Introducing Probability

Definitions, axioms, and examples

Welcome to Unit II: Probability

In an enormously entertaining paper written about a decade ago, the economist Peter Backus estimated his chance of finding a girlfriend on any given night in London at about 1 in 285,000 or 0.0000034%. As he writes, this is either depressing or cheering news for a person, depending on what you had estimated your chance to be before reading the paper and doing a similar computation for yourself.1 The interesting point in the paper was using a probabilistic argument (originally developed by the astronomer and astrophysicist Frank Drake to estimate the probability of extra-terrestrial civilizations) to think about his dating problems. Anyone can follow the arguments put forward by Backus, including his statements that use probability.
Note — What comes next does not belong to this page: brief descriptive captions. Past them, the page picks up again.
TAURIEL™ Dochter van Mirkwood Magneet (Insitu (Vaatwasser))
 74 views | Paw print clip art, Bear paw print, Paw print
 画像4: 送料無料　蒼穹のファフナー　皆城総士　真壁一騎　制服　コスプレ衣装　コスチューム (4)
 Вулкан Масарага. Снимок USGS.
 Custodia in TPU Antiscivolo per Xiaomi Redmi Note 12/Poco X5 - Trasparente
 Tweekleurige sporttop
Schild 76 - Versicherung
We all have some notion of chance or probability, and can ask questions like: - What is the chance you will get an A in Stat 20? (About 32%, based on last fall.)2 - What is the chance the 49ers will win the Super Bowl this year? (They are the favorites, with an implied probability of about 54.5%, .)3 - What is the chance you will roll a double on your next turn to get out of jail while playing Monopoly? (One in six.) - What is the chance that Donald Trump will win the Presidential election? (About 47%.) 4

The second of our four types of claim we will investigate is a generalization. To do so, we first need to quantify uncertainty and randomness. This is the purpose of the Probability unit.

So far, we have examined data sets and summarized them, both numerically and visually. We have looked at data distributions, and associations between variables. Can we extend the conclusions that we make about the data sets to larger populations? If we notice that bill length and flipper length have a strong linear relationship for the penguins in our data, can we say this is true about all penguins? How do we draw valid conclusions about the population our data was drawn from? These are the kinds of questions we we will study using tools from probability theory.

In order to be taken seriously, we need to be careful about how we collect data, and then how we generalize our findings. For example, you may have observed that some polling companies are more successful than others in their estimates and predictions, and consequently people pay more attention to them. Below is a snapshot of rankings of polling organizations from the well-known website FiveThirtyEight5, and one can imagine that not many take heed of the polling done by the firms with C or worse grades. According to the website, the rankings are based on the polling organization’s ``historical accuracy and methodology”.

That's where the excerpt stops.